While lizards make fun, fascinating pets, caring for one is nothing like caring for a cat or a dog. If you’re looking to add a reptilian friend to your family, it’s important to learn how to take care of a lizard in order to offer it a safe home. With over 4,500 species of lizards in the world, there are a lot of nuances to caring for each one. Lizards are an incredibly diverse group of animals. In the wild, they live in a wide range of habitats, from the driest deserts to the steamiest rain forests. Some lizards are herbivores, some are omnivores, and some eat only insects. Have a conversation with a veterinarian who specializes in reptiles and/or lizards to help fill in any blanks you may have when it comes to interacting with or caring for your lizards, and make sure you learn about your potential lizard’s diet, size, life span, temperature and humidity requirements and how to handle your lizard before taking it home. There may be a lot to learn, but that’s just part of the adventure! Here are some general guidelines to help you care for your pet lizard.
What Your Lizard Cage Must Provide
Security. Heating. Humidity. Lighting. Space. These are the five key factors you must keep in mind when choosing a lizard cage for your new pet. So let’s talk about these five considerations:
The cage must be able to keep your pet from escaping. Likewise, it must also protect your pet lizard from intruders, such as the household dog or cat. Some lizards are very good at escaping, so it’s best to choose a professional cage designed specifically for the type of pet you want to keep. It is not recommended to build your own lizard cage unless (A) you start with a good plan and (B) you have the right skills for the job.
First, you need to research the temperature requirements for the lizard species you plan to keep. Then you must choose a type of cage that allows you to maintain those temperatures. You can heat a reptile enclosure in several ways, but the cage must be able to hold the heat in some way.
Some lizards have higher moisture requirements. Some are desert dwellers and need a dry cage, while others are tropical Certain types of lizards have high humidity requirements. Tropical species, for example, need to be kept in a cage or tank that maintains a higher level of humidity than a desert-dwelling species.
Most lizards are sun lovers. A few species spend a lot of time burrowing underground. But for the most part, lizards need frequent exposure to sunlight. In captivity, you can’t always duplicate this. So you have to do the next best thing. You have to use full-spectrum lights to duplicate the benefits of the sun (as much as possible). Remember this when choosing a lizard cage for your pet. It must allow the use of special lighting, as needed for your chosen species.
Space and Orientation
Sure, that baby iguana is cute. And it’s so tiny! But a full-grown green iguana could be nearly six feet in length and will require plenty of cage space. On the other hand, certain species like the geckos can be housed in much smaller enclosures. You will need to research the space requirement for your pet lizard, and make sure you can meet those requirements before you bring the animal home.
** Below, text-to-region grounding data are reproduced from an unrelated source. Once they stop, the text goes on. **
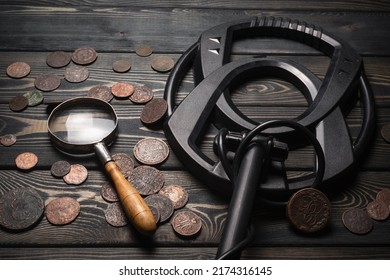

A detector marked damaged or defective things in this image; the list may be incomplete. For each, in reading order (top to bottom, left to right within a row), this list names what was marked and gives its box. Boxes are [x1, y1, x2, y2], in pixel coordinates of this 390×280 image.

corroded coin [6, 61, 30, 78]
corroded coin [34, 73, 60, 92]
corroded coin [47, 50, 71, 68]
corroded coin [64, 65, 89, 82]
corroded coin [72, 47, 98, 65]
corroded coin [87, 86, 113, 103]
corroded coin [129, 85, 154, 104]
corroded coin [151, 55, 175, 72]
corroded coin [140, 98, 168, 125]
corroded coin [15, 152, 38, 170]
corroded coin [50, 160, 71, 177]
corroded coin [62, 163, 88, 185]
corroded coin [128, 165, 165, 196]
corroded coin [133, 138, 170, 166]
corroded coin [0, 188, 43, 230]
corroded coin [44, 197, 79, 225]
corroded coin [104, 201, 129, 228]
corroded coin [144, 194, 173, 222]
corroded coin [158, 185, 189, 209]
corroded coin [171, 210, 203, 236]
corroded coin [284, 189, 330, 233]
corroded coin [342, 208, 372, 234]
You also need to choose a cage that is oriented properly for your particular pet, depending on whether it spends most of its time on the ground or in trees.
What to Feed Your Lizard
There are many species of lizards and each has different dietary requirements, but generally speaking, lizards eat an omnivorous diet. This means your lizard will be healthiest when eating a mix of plants and insects or rodents, depending on his breed.
Many lizards fill the carnivorous side of their diet with crickets, worms or certain species of roaches. Larger, carnivorous lizards, such as monitor lizards, will do best eating rodents — specifically, mice. It’s important to remember that lizards often prefer eating the meat portion of their diet alive. You should be able to find any of these insects or rodents for sale in your local pet store or online. When it comes to eating plants, lizards enjoy a mixture of leafy greens and fruit, which you can purchase at your local grocery store. Generally speaking, romaine lettuce, yellow squash, blueberries and collard greens offer nutritional value to lizards. However, some fruits and vegetables can be harmful to lizards, so be sure to research which ones are ideal for your pet before you feed him.
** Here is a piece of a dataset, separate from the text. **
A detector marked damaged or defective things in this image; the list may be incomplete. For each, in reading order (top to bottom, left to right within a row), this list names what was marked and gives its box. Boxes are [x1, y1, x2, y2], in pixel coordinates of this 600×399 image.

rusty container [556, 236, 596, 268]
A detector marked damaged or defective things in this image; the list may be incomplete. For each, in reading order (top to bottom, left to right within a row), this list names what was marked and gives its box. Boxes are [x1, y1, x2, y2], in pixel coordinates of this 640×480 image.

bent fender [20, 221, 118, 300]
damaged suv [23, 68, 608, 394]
Quality Time with Your Lizard
When learning how to take care of a lizard, it’s important not to overlook how to handle him. While lizards don’t typically enjoy being handled, it’s still important to know how to do so safely. After all, you will need to safely remove your lizard from his enclosure periodically to clean it or to take him to the veterinarian. Once again, the best practices for handling lizards will vary by species, but the following is a general idea of how to go about it. When picking up your lizard, try to scoop him into your hand and gently clasp his head between your thumb and forefinger. This will keep him secure and sheltered. For larger lizards, you will likely need to use two hands. Hold your lizard’s hind legs back toward his tail with one hand, to prevent him from scratching you and grasp his body under his front legs with the other hand. Small lizards, in particular, are very fragile, so it’s best to avoid handling them unless absolutely necessary. They are vulnerable to losing their tails or being squeezed too tightly, which may cause internal damage. If you have a small lizard, make sure you handle him very gently and do not let anyone else hold him unless they are experienced with handling small reptiles. Remember, being held is stressful for lizards, as they do not see their human caretakers as friends the way a cat or dog would. Instead, they usually feel threatened in the hands of such a large being and may even bite you. Don’t take it personally if this happens; remember that they’re following their instincts.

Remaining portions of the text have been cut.